The court based its conclusion on State v. Nitsch, 100 Wn. App. 512, 997 P.2d 1000 (2000). Goodwin, 146 Wn.2d at 875. There, the defendant argued that his offender score was incorrect because his crimes were the same criminal conduct. Nitsch, 100 Wn. App. at 518. The Nitsch court rejected the argument because the defendant acknowledged the standard range sentence for his crimes in a presentence report. Nitsch, 100 Wn. App at 521-22. The standard range sentences for a crime depend on the defendant’s offender score and criminal history. See Nitsch, 100 Wn. App. at 522; former RCW 9.94A.310 (2000). Thus, the court held that the defendant had implicitly agreed that the corresponding offender score was correct and that his crimes were not the same criminal conduct. Nitsch, 100 Wn. App. at 521-22. The defendant had not contended at sentencing that his priors constituted the same criminal conduct, and the Nitsch court reasoned that “[t]he trial court.. . should not he required, without invitation, to identify the presence or absence of the [same criminal conduct] issue and rule thereon.” 100 Wn. App. at 525.

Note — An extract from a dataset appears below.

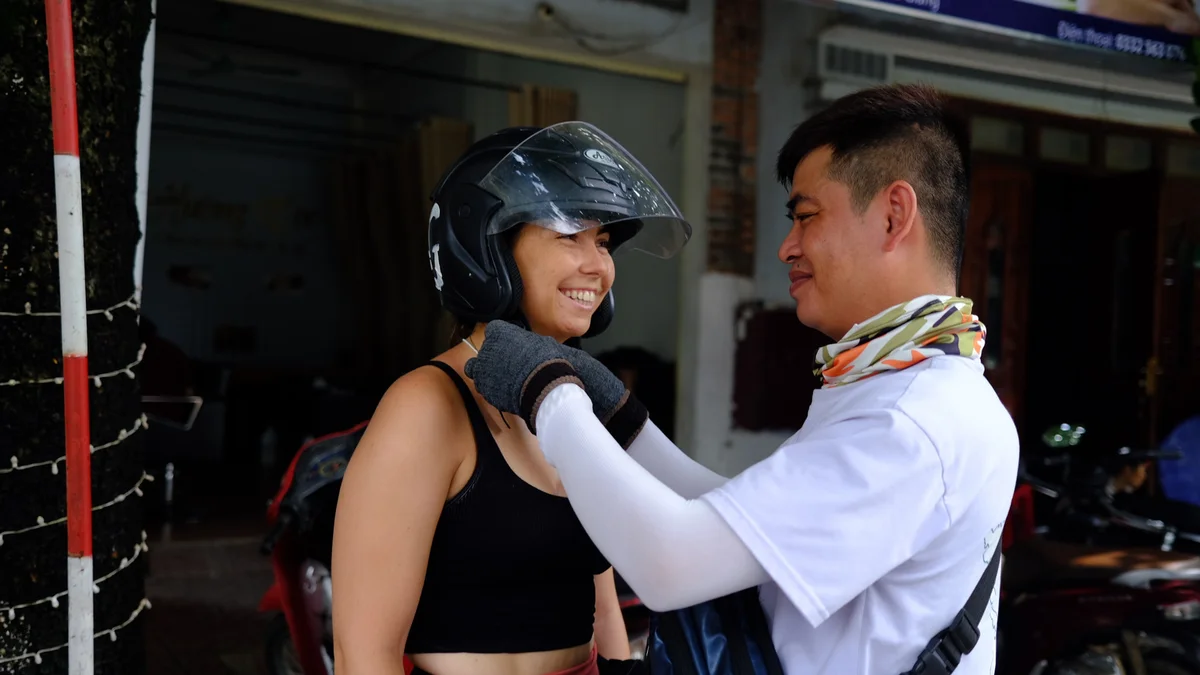 Man helps woman adjust helmet, both smiling. Woman wears black top; background shows a shop with a scooter and blurred sign.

Here, defense counsel did state: “And we did put down [an offender score off eight on the second page [of the plea agreement] and he did initial that. The problem in this case is he had some concurrent convictions that he interprets as being the same criminal act and that was the issue, and [the prosecutor] made our agreement to eight as being part of the plea offer.” Report of Proceedings at 9 (emphasis added). But, read in context, defense counsel was not raising the same criminal conduct issue. Rather, he was merely explaining why the prosecutor and he had handwritten in Hickman’s stipulation to his offender score, as opposed to stipulating thereto on a separate form.